白石:演出家として「これは外しちゃダメだな」と、この作品で一番こだわったことは何ですか?


髙橋:姉妹のキャスティングですね。姉妹の家の水を停めるという物語の核においては、やはり姉妹をうまく描けないと岩切も描ききれない。その姉妹役をお願いできるような子どもたちをかなり粘って探しました。


白石:子どもたちをいかに成立させるのかは、僕もずっと気になっていました。子どものシーンを順撮りにこだわられていたのは感心しました。


髙橋:子どもが出る映画やドラマにこれまで結構携わってきて、「子ども担当」だったことも多かったんです。撮影中は子どもたちの面倒も見なければいけないし、特に地方ロケだと寝食を共にすることも多い。そうやって子どもを間近で見ていると、撮影の序盤から中盤、そして終盤では顔つきが全然違ってくることがよくわかるんです。今回は短期間での撮影でしたが、出来るだけ順撮りにしてあげて、そのときどきの表情を捉えたかった。それは自分の腹に強くあったので、スタッフにお願いして順撮りでやらせてもらいました。



『渇水』©2022「渇水」製作委員会


白石:(髙橋さんが助監督としてついていた)相米慎二監督も子どもの撮影の際はそのようにしていたのでしょうか。


髙橋:確かに相米さんの子どもを扱った映画では、トップシーンと最後のシーンでは顔つきの違いを感じとれますよね。また、市川準さんの現場などでは、新人を使うときのコツのような感覚で、“順撮り”は一つの要素になっていましたね。


白石:現場を見ながら、髙橋さんが持っている引き出しはまだまだあるんだろうなと思っていましたが、他にも10年くらい温めている企画とかあるんですか?

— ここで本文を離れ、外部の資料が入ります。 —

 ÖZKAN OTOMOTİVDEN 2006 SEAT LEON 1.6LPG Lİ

髙橋:さすがに10年はないですが、4~5年温めてる企画が二つほどあります。でもそろそろやらないとまた10年経っちゃう(笑)。10年に1本撮っている監督もいますからね。


(編集部):本作はフィルムでの撮影ですが、フィルムで撮ろうと言ったのは白石さんだったそうですね。


髙橋:そこはすごく嬉しかったですね。我々はフィルム育ちなので、どういう画になるかというのは想像つきますし、この話でフィルムでやれるのは非常に嬉しいこと。すぐにその話に乗りました。

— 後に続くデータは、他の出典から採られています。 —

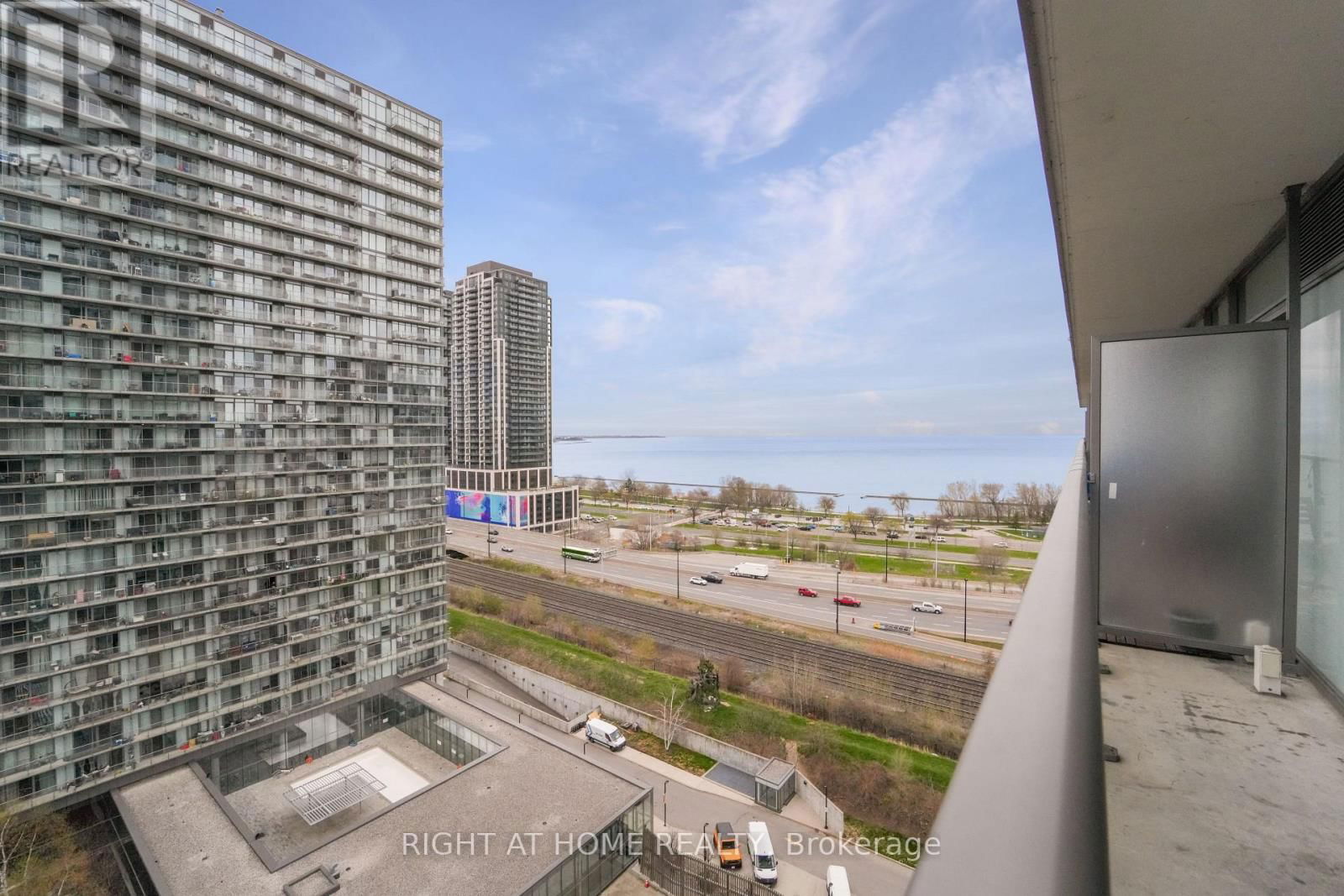 1414 - 105 THE QUEENSWAY Image 14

白石:僕も監督なので、フィルム撮影だと予算が余計にかかったり現場の段取りが増えることはよくわかるんです。今回はプロデューサーという立場ではありましたが、現場の予算を仕切る役割ではなかったから、どこかでバカなふりをしてそういうことを言うのも必要かなと。そういう役割のプロデューサーがいてもいいかと、フィルムでの撮影を提案させてもらいました。現場を仕切る人たちにはちょっと迷惑な話だったかもしれませんが、結果、フィルムで正解だったなと思いますね。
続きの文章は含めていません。